▸ Task description:
Leave out the pictures and repeat exactly the lines from the one containing "浦原 喜助（うらはら きすけ）" through the final line of the listing below.

▸ Provided information:
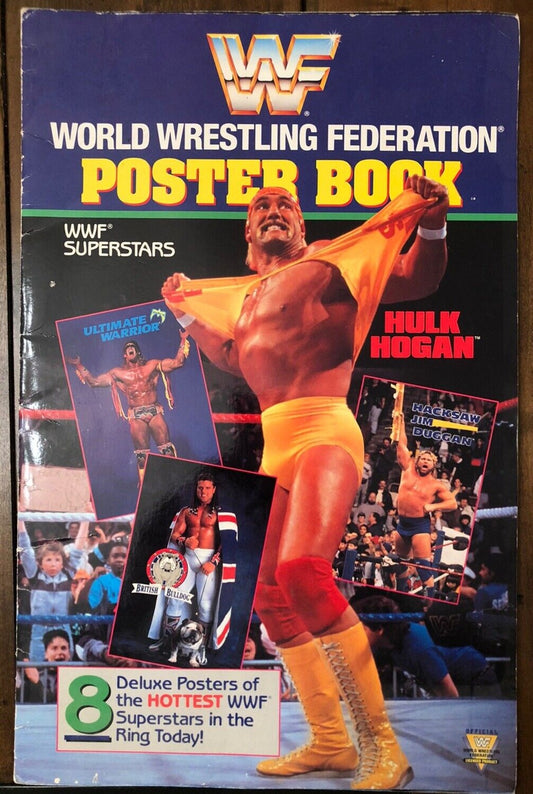 1991 WWF Poster Book Hulk Hogan by Checkerboard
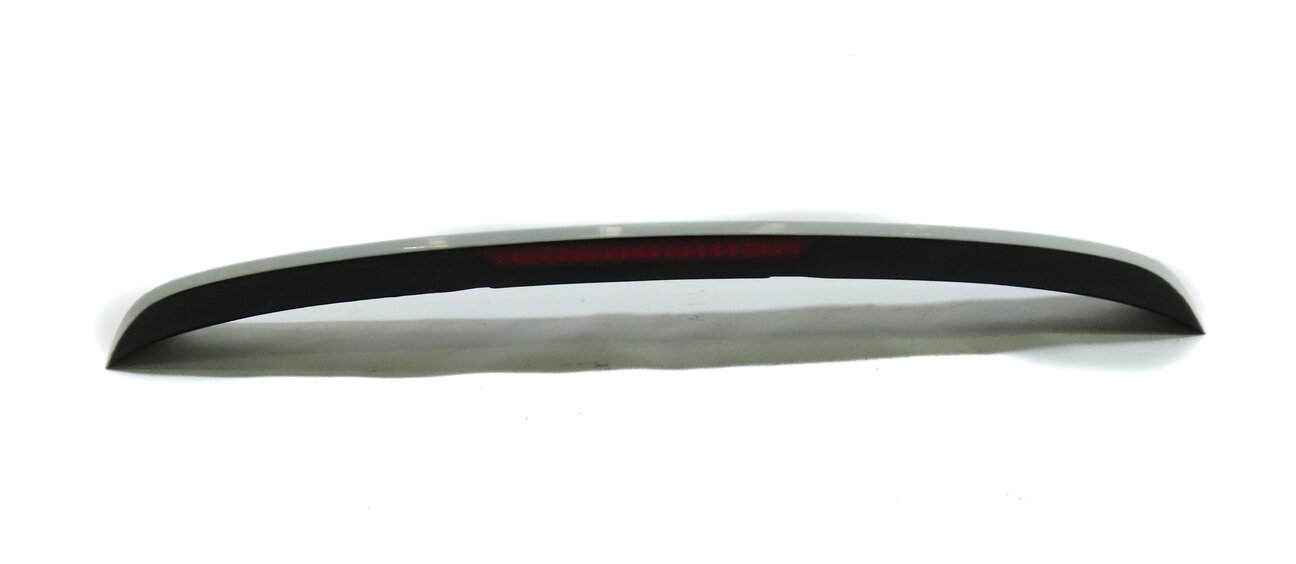 Thumbnail 2: 07-15 AUDI Q7 (4L) REAR SPOILER WING w/ 3rd THIRD BRAKE LIGHT LAMP (IBIS WHITE)
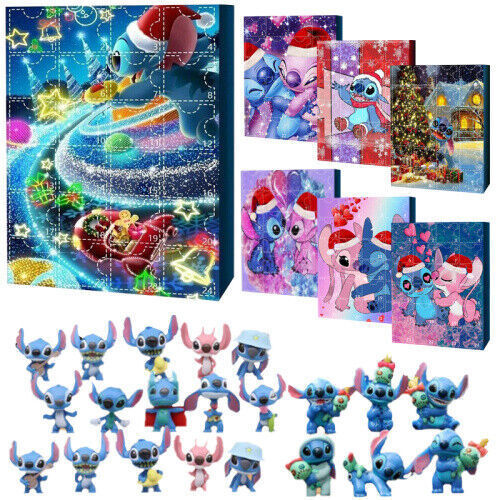 Figura de punto de Navidad 2025 24 días cuenta regresiva calendario de adviento niños regalo divertido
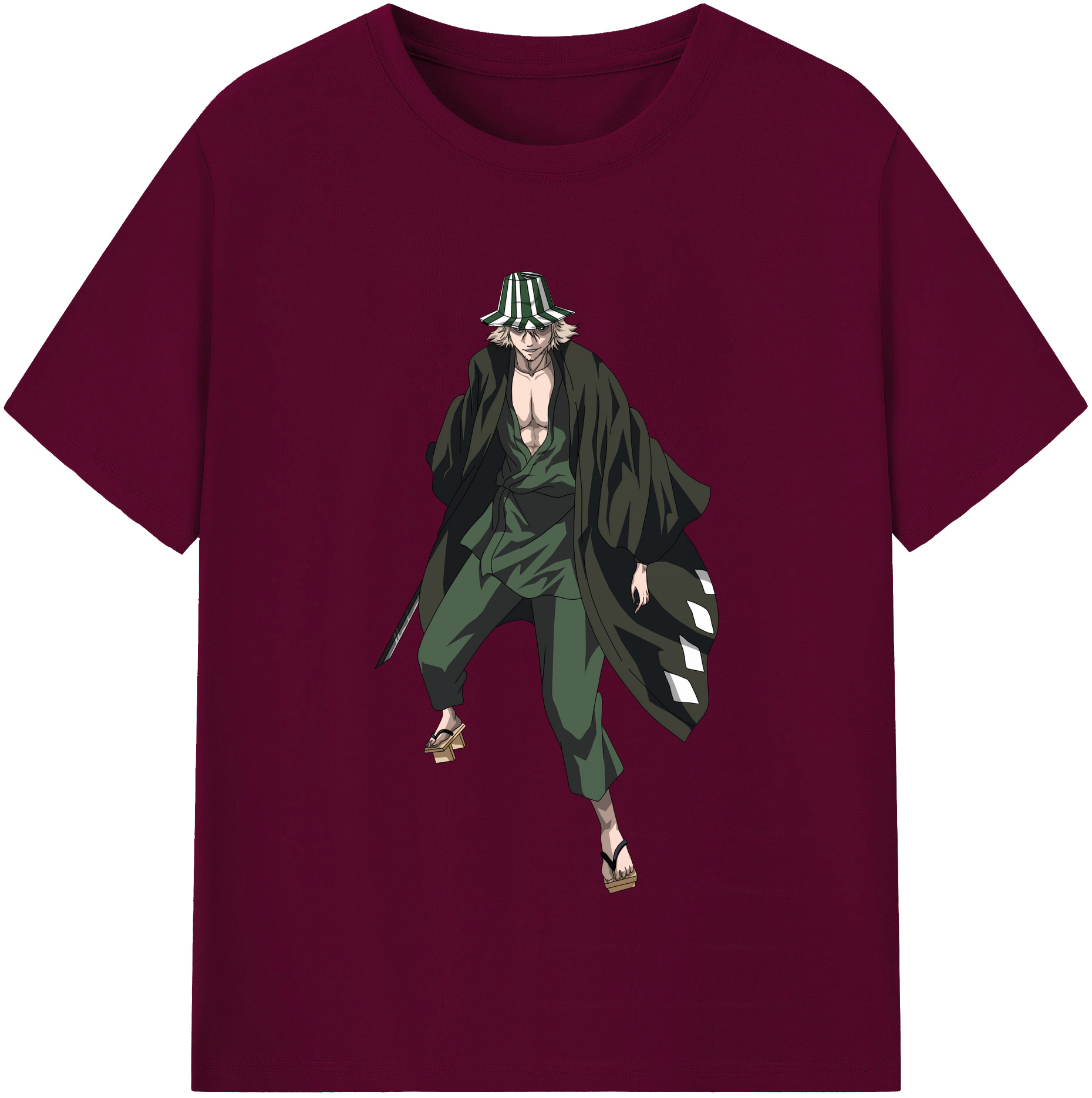 （画像用） "ブリーチ 浦原 喜助（うらはら きすけ） BLEACH Urahara Kisuke " レディースカジュアルプリントTシャツ（綿100％）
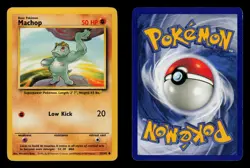 Machop 52/102 - LP - Base Set, WOTC Pokemon - Image 3
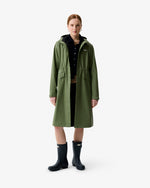 Melissa Long PU Windbreaker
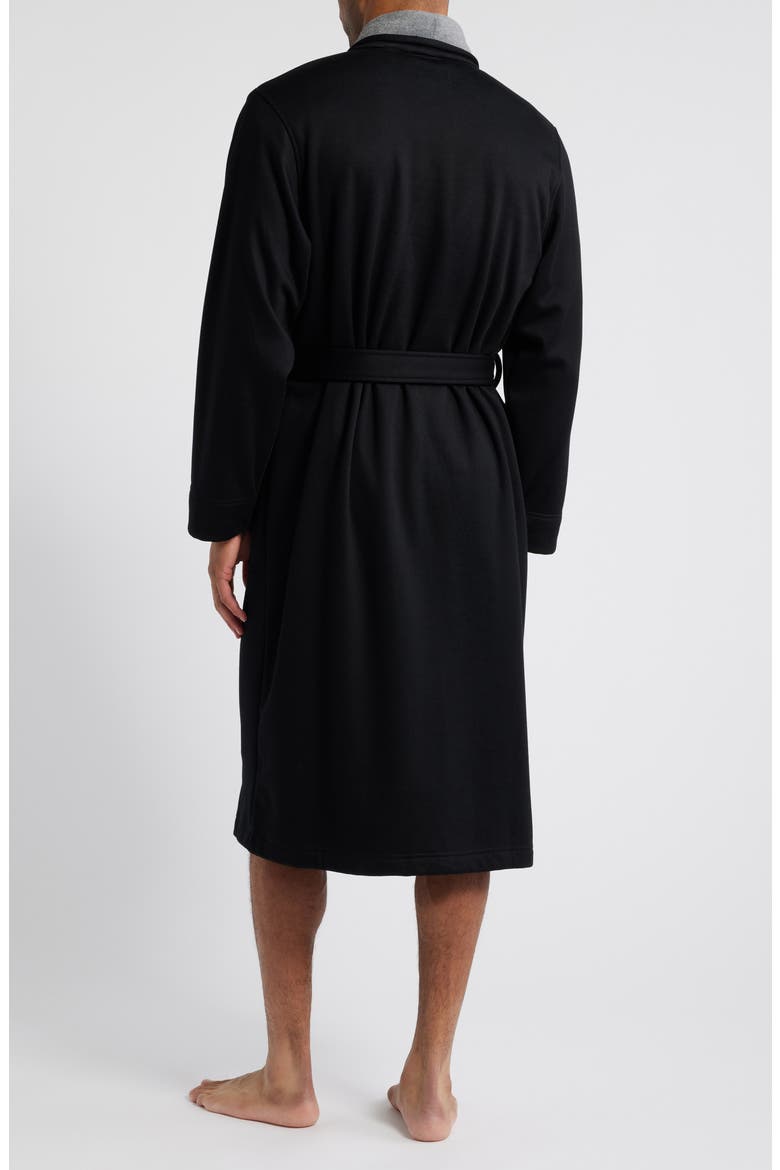 Essential Fleece Lined Robe, Alternate, color, BLACK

▸ Answer for this exercise:
 （画像用） "ブリーチ 浦原 喜助（うらはら きすけ） BLEACH Urahara Kisuke " レディースカジュアルプリントTシャツ（綿100％）
 Machop 52/102 - LP - Base Set, WOTC Pokemon - Image 3
 Melissa Long PU Windbreaker
 Essential Fleece Lined Robe, Alternate, color, BLACK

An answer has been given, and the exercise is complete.